This week’s emergency medicine CME case study is certainly unique. Here’s a quick recap for those of you who missed it (I originally post all our emergency medicine case studies over on the CME4LIFE Facebook page – be sure to like us and join the conversation!): A man from a local homeless shelter (Jack) was brought to ED because he “wasn’t acting right,” per his bunk mate. There were vague historical details. He came to the shelter the previous night and had no history of trauma.
Jack is thrashing about without intention. He’s not making sense and is not answering questions.
So what’s the diagnosis?
This guy drank ethylene glycol (antifreeze) earlier that night at the homeless shelter. So, this was a toxic overdose of the most fascinating kind.
Let’s face it… altered mental status could be almost anything. The differential diagnosis is wide and you have to throw out a large net. Is it toxic metabolic, infectious or cerebral vascular?

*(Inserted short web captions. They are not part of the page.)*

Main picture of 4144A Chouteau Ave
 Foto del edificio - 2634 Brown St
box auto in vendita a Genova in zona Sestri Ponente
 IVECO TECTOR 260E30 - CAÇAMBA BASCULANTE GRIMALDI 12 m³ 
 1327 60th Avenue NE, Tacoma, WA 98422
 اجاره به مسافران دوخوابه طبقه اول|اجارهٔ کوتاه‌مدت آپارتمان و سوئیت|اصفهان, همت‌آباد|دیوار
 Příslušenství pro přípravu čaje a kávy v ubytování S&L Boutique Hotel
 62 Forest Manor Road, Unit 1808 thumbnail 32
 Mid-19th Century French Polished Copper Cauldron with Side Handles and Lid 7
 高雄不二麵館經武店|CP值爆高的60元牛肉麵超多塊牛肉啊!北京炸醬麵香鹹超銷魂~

There are some flags on this case: First, the respirations. Respirations are frequently documented incorrectly as, at times, the RR is documented as “16” as a mental shortcut. But, when you actually measure them, a high respiratory rate is a flag for a metabolic acidosis. There are a number of causes of metabolic acidosis. I like the mnemonic KUSSMAL. Ketones, Uremia, Salicylates, Sepsis, Methanol (or other alcohols), Aldehyde (and all others, meaning there are a few others that are less common) and Lactic Acid.
I agree with the work up suggestions a number of you folks suggested. It’s is an awesome learning experience reading your posts and suggestions!
The steps I took to make a diagnosis
I threw out a huge net. Labs included a CBC w/ diff and blood cultures, CME, Troponin, CK, Lactic acid, UA (cath) with tox, APAP and ASA, ABG. He earned himself an EKG and head CT. The flag of the ethylene glycol OD was the metabolic acidosis and low sodium. This lead to looking at serum osmolality. I don’t recommend a serum osmolality often, yet with an OD that you think MAY be an alcohol, that is when I start looking.
Without question this case is an advanced case. I always recommend this case be worked in conjunction with poison control and your supervising/collaborating physician.